* _EXERCISE PROMPT_: Find the lines in the records below that contain "cuando", and report each of them.

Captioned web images
== Segment start ==

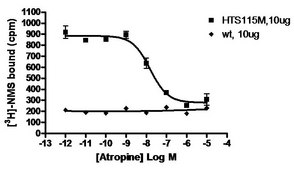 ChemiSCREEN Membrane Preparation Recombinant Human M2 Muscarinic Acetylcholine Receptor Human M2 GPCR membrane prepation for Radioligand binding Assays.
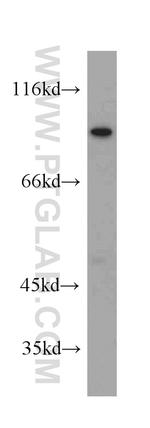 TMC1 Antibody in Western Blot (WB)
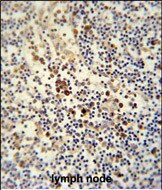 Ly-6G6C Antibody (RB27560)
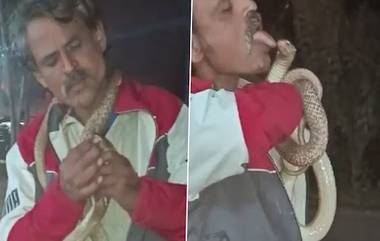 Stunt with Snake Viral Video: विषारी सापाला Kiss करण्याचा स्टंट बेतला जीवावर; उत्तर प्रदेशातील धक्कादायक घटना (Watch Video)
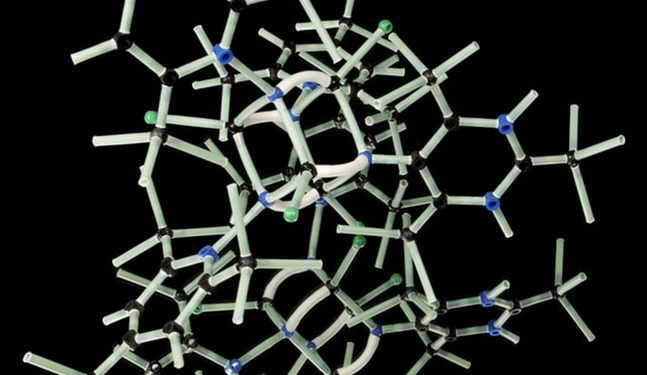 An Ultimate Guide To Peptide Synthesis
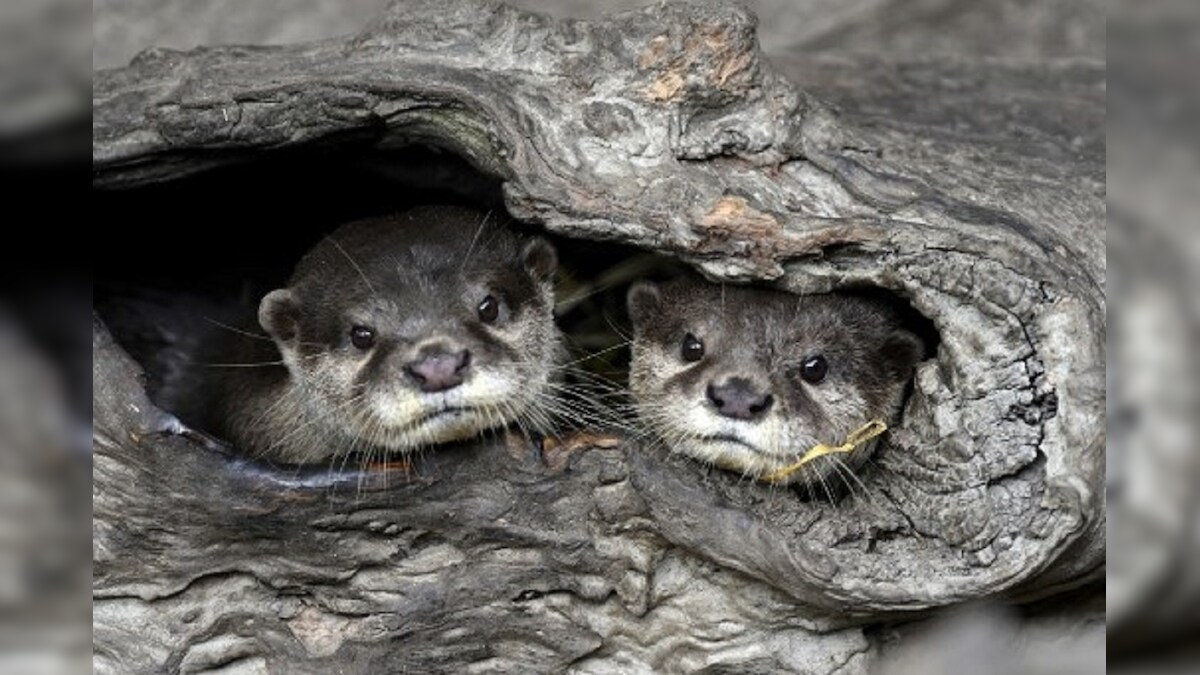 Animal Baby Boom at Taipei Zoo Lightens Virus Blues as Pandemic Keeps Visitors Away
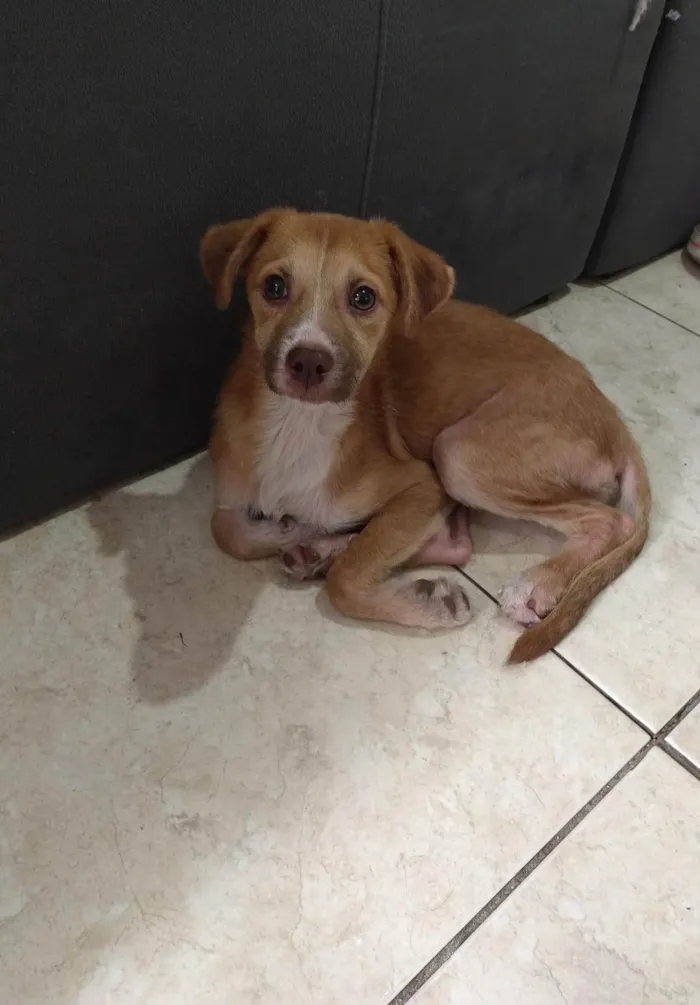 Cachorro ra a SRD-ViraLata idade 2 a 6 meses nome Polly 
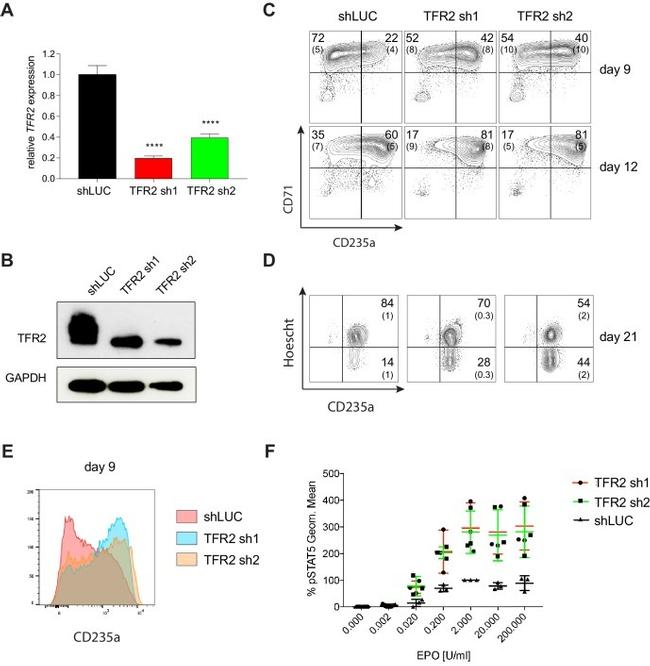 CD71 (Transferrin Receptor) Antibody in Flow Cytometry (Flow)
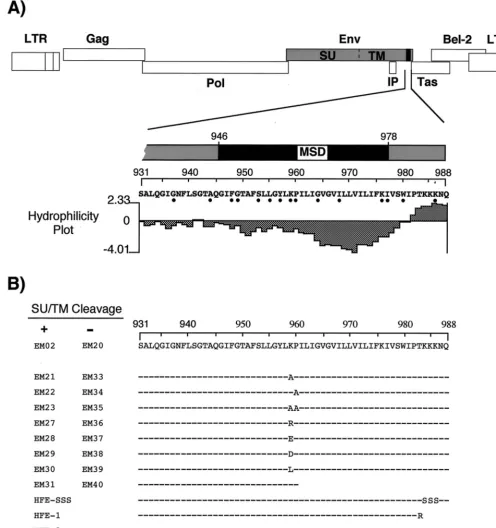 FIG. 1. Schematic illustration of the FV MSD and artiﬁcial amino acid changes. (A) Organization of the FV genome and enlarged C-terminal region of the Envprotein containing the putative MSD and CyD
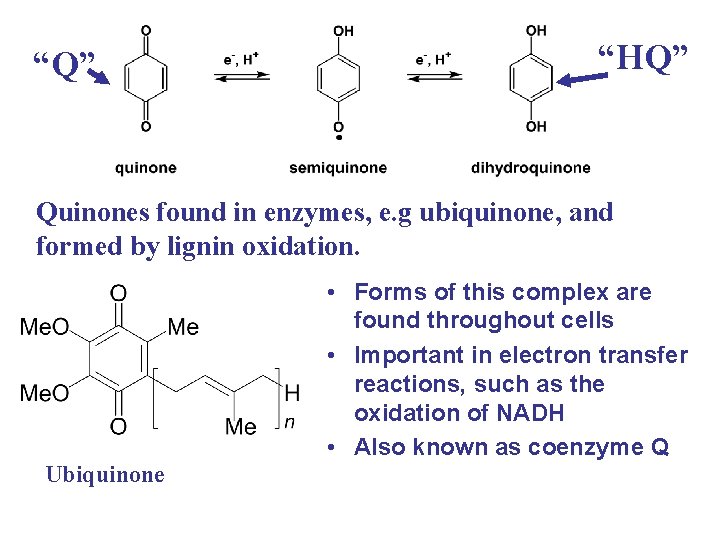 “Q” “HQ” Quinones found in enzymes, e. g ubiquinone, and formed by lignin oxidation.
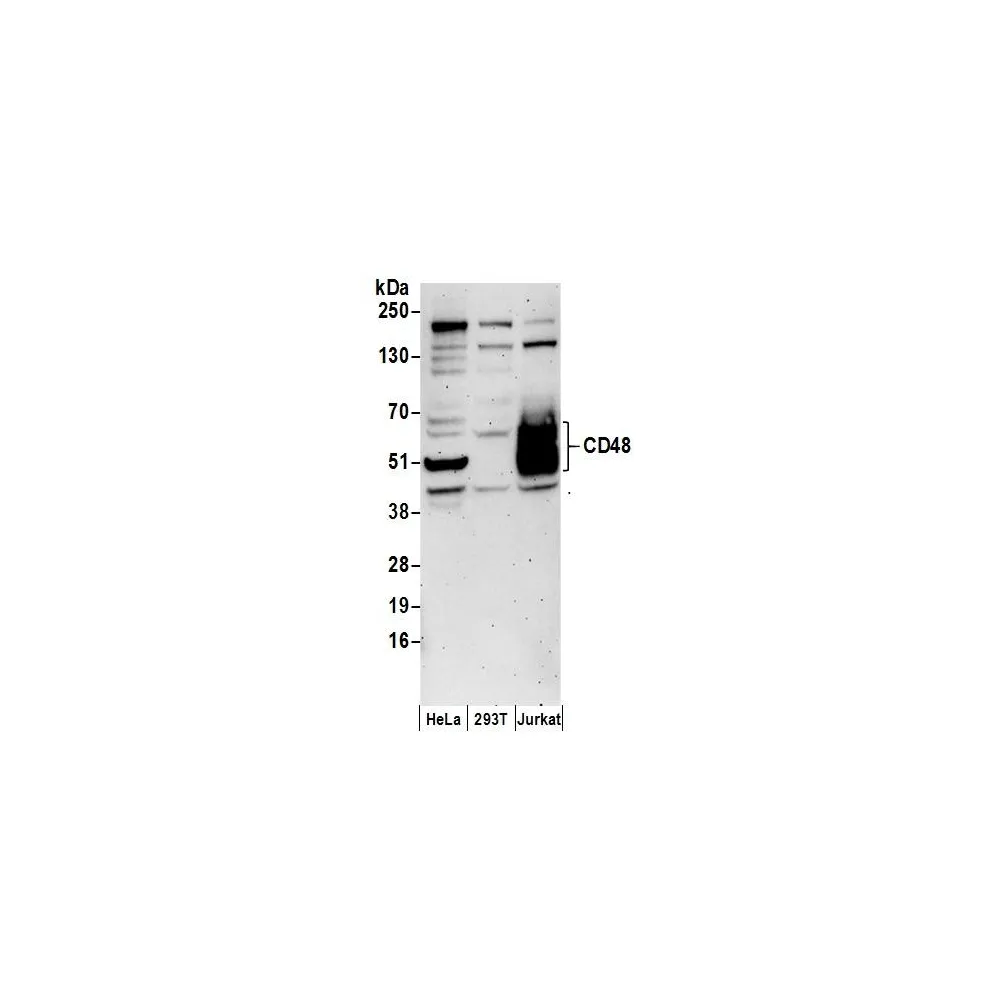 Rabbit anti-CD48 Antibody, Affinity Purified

== Segment end ==
== Segment start ==

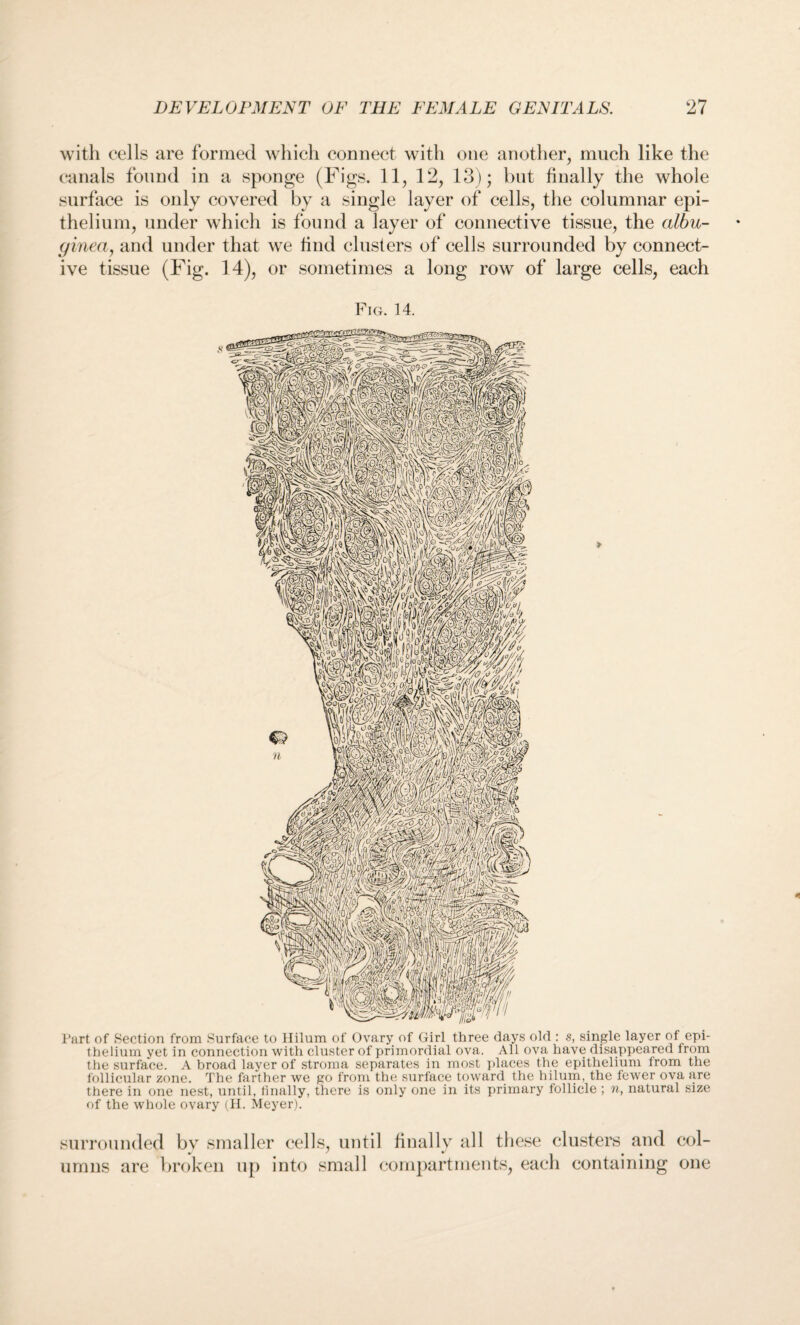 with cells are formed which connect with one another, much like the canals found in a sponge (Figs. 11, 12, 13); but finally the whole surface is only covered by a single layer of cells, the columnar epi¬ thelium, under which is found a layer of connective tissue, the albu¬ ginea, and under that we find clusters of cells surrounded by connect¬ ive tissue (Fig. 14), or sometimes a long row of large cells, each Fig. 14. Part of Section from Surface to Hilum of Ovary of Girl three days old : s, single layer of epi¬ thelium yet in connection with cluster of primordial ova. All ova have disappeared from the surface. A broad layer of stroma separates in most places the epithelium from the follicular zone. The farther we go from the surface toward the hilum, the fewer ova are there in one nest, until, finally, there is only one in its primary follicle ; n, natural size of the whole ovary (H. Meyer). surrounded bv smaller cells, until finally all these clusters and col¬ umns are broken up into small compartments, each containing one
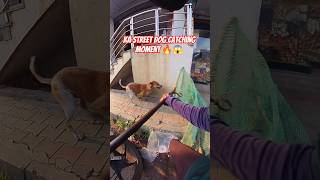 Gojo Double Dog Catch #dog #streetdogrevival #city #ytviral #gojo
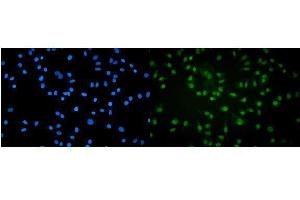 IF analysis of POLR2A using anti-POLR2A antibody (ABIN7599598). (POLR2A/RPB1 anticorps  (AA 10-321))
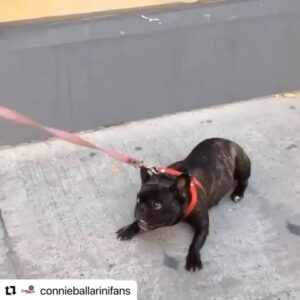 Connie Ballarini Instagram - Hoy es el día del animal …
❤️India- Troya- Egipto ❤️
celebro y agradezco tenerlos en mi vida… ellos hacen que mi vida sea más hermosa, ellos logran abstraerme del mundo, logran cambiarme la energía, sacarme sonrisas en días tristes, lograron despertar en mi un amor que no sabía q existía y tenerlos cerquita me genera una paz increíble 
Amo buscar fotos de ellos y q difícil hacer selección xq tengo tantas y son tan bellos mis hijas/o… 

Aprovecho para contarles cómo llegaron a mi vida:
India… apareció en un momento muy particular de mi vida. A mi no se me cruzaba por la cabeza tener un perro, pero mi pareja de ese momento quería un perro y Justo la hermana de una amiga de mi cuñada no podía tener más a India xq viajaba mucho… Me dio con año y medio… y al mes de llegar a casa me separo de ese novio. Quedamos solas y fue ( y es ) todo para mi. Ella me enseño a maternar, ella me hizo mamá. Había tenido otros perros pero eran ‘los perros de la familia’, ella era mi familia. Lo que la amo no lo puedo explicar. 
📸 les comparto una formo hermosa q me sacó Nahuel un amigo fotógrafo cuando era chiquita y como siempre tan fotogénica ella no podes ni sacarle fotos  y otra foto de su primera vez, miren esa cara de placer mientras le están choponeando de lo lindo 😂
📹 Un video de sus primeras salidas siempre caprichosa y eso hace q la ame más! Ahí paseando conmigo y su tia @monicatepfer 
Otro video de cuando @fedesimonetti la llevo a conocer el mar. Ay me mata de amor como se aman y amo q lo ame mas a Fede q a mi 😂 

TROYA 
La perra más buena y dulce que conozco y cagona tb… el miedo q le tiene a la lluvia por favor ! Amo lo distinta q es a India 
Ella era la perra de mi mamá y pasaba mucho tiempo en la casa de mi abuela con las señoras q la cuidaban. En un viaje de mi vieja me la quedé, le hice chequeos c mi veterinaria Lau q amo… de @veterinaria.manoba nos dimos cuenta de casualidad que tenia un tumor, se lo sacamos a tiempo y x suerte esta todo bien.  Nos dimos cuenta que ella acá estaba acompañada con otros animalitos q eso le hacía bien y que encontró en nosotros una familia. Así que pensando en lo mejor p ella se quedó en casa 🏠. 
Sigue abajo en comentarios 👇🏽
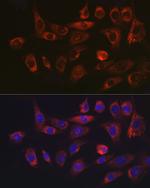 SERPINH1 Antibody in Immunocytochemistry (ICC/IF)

== Segment end ==

* _RESULT_:
📸 les comparto una formo hermosa q me sacó Nahuel un amigo fotógrafo cuando era chiquita y como siempre tan fotogénica ella no podes ni sacarle fotos  y otra foto de su primera vez, miren esa cara de placer mientras le están choponeando de lo lindo 😂
Otro video de cuando @fedesimonetti la llevo a conocer el mar. Ay me mata de amor como se aman y amo q lo ame mas a Fede q a mi 😂 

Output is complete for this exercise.